A new study examines the structure of hundreds of protein complexes, tiny machines in cells that control everything from energy use to DNA replication. Researchers at the Institute of protein design at the University of Washington led the study, which uses new deep learning tools and may lead to new ways to treat diseases.
This spring, IPD released its deep learning software for predicting protein folding, following a similar tool developed by deep mind, a subsidiary of alphabet. These tools shocked researchers with their speed and accuracy in predicting how proteins form three-dimensional shapes.
Proteins are made up of a series of amino acids, but they need to be folded correctly to work. Rosettafold of IPD and alphafold of deepmind have been used to predict the shape of thousands of proteins since their release.

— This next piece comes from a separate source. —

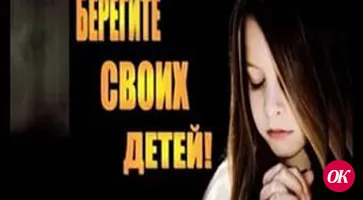 Любить, а не бить!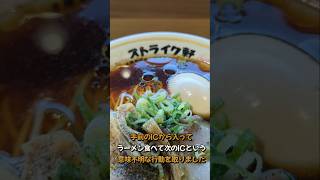 【ストライク軒】朝7時に朝食ラーメンを食べました時間は関係なく美味しい ストライク軒 ラーメン 朝食 グルメ 美味しい [upl. by Baten]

Within cells, proteins often interact in machine like protein complexes that perform various tasks. Many approved drugs also interfere with protein complexes, such as chemotherapy that hijacks the mechanisms of DNA replication and cell division.
Ian Humphrey, a researcher at the Institute of protein design at the University of Washington. (University of Washington photo)
“To truly understand the cellular conditions that lead to health and disease, we must understand how different proteins in cells work together,” Ian Humphrey, a graduate student at David Baker’s laboratory, the head of IPD, said in a press release.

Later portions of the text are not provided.